農地、家、心に──癒えぬ傷 実りの秋… 笑顔消えた 助け合い収穫作業 北海道厚真町

田の一部が土砂崩れで被災しながらも米を収穫する伊部さん(北海道厚真町で=木村泰之写す)

吉野地区で刈り取った米を乾燥調製施設に運び込む小谷さん(右)(北海道厚真町で=木村泰之写す)

 田に流れ込んだ土砂、崩れた農業倉庫──。北海道地震から1カ月。最大震度7の揺れが襲った北海道厚真町には、今も震災の爪痕が生々しく残る。米の収穫期を迎え、営農や生活再建への見通しが立たない中、生産者は助け合い、農作業を分担し農機を融通し合いながら収穫作業を進める。収穫の喜びを分かち合うはずの「実りの秋」を、例年にない緊張と悲しみの中で迎えている。(望月悠希)

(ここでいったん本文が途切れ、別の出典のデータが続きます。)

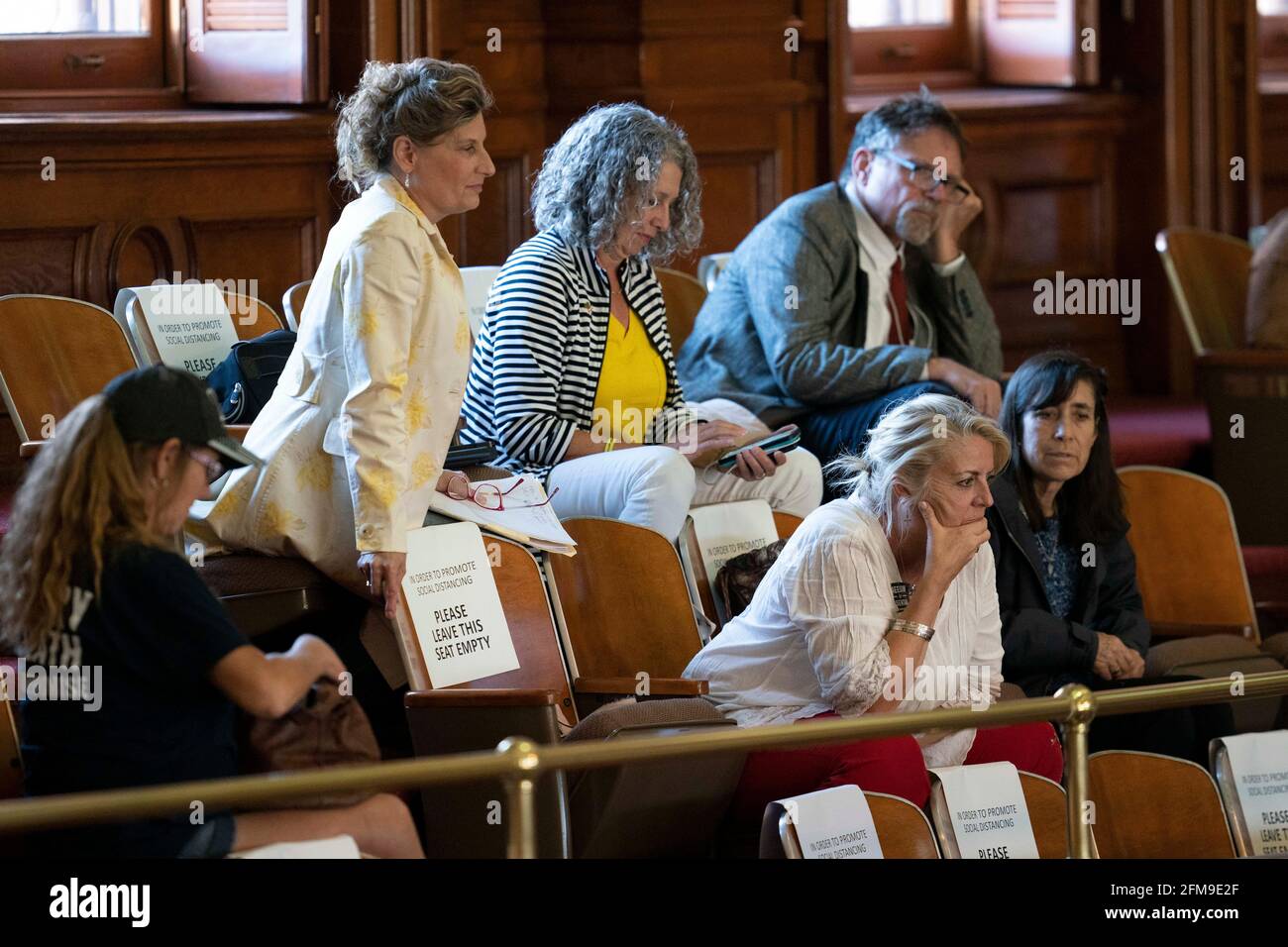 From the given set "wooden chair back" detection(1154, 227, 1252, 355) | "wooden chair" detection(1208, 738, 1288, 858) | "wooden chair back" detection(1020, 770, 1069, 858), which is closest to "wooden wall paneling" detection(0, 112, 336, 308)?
"wooden chair back" detection(1154, 227, 1252, 355)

 同町宇隆地区の稲作農家・加賀谷俊昭さん(79)は、自宅前に通路として敷き詰めたれんがを外していた。住み慣れた家は地震の揺れでゆがんだ。「全壊」判定を受け、取り壊しが決まった。れんがは「小さな家を建て直したときに使えるかもしれない」と作業に励む。現在、親族の元に身を寄せる。今後は仮設住宅で暮らすつもりだ。

 営農は断念する。倉庫が崩れ、コンバインや乾燥機などが壊れた。年齢を考え新たに農機をそろえることは諦めた。

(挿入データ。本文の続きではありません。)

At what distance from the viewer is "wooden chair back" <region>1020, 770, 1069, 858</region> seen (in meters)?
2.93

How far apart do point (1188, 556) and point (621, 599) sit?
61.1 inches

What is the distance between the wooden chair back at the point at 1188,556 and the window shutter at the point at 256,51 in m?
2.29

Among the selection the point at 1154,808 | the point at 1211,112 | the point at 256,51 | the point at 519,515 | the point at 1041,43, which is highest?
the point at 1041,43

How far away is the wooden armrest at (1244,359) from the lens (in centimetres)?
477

 手塩にかけて育ててきた約6ヘクタールの田は収穫を迎えた。農機は壊れ、使い慣れない農機を使うことが難しい加賀谷さんに代わり、同町幌内地区の米農家・森田知和さん(25)が収穫する。土砂崩れで自身の田は被災。今年は収穫ができない。加賀谷さんの孫の幼なじみで、困っていることを聞き、手伝いを申し出た。コンバインはJAとまこまい広域を通じ借りた。

 加賀谷さんの妻・弘子さん(75)は「これが最後の収穫。どうなることかと思っていた。本当に感謝している」と話すと、森田さんは「収穫がなくて暇だし、腕がなまってしまうから」と笑い掛けた。

 多くの人命が失われた同町吉野地区は、あるじのいない田が収穫を待ち、生産者らが助け合って作業を進めている。小谷一樹さん(31)は連日、収穫した米をトラックで乾燥調製施設に運ぶ手伝いをする。小谷さんも同町高丘地区で米15ヘクタールを栽培するが、土砂崩れで収穫ができない。「1カ月はいつの間にか過ぎてしまった。先が見えないが、少しずつ頑張っていくしかない」と話す。

 同町富里地区の伊部義之さん(50)は、親しくしていた生産者を土砂崩れで亡くした。「悲しいというより悔しい」と話す。米を約16ヘクタール栽培するが、50~60アールは土砂で埋まった。被害を免れた水田で収穫を進める。一角に設けた肥料を工夫し、育てた実験圃場(ほじょう)も順調に実る。「(亡くなった農家と)収穫できたら試食会をしようと話していた」と振り返る。

 伊部さんの住宅の周りは土砂が流入。2階の高さまで積もった。母と避難所生活も送った。倉庫などが被災し、農機が壊れ、被害は約2000万円に上る。田に用水を供給する水道管が壊れている可能性が高く、来年の作付けは見通せない。

 伊部さんは「農機の購入など課題は山積み。どうしようもない気持ちが大きいが、泣き言ばかり言っていられない。今、やれることは早く稲を刈って、地域を元気づけることだけ」と話す。